## EXERCISE INPUT

——————

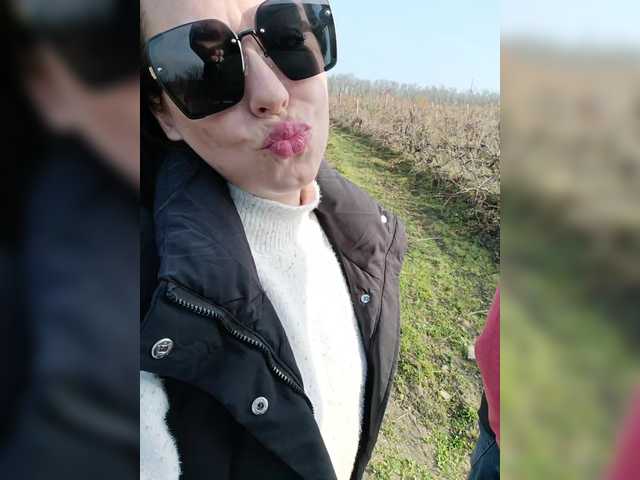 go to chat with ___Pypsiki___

——————

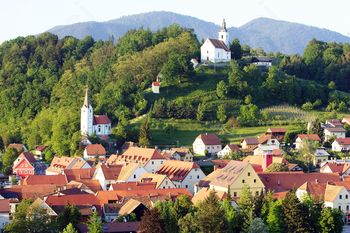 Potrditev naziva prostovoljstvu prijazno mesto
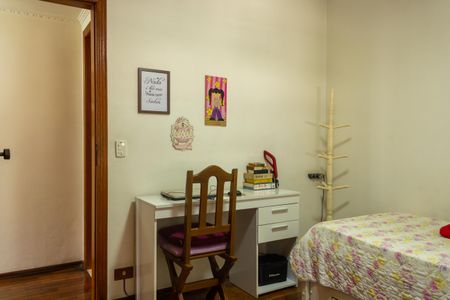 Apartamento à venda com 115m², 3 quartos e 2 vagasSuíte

——————

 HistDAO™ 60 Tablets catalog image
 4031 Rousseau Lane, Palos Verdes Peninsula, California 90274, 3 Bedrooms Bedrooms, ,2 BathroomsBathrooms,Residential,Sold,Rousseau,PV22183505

——————

## EXERCISE BRIEF
Above are the entries. Quote exactly the lines from the one bearing "HistDAO™ 60 Tablets catalog image" through the one bearing "4031 Rousseau Lane, Palos".

## EXPECTED ANSWER
 HistDAO™ 60 Tablets catalog image
 4031 Rousseau Lane, Palos Verdes Peninsula, California 90274, 3 Bedrooms Bedrooms, ,2 BathroomsBathrooms,Residential,Sold,Rousseau,PV22183505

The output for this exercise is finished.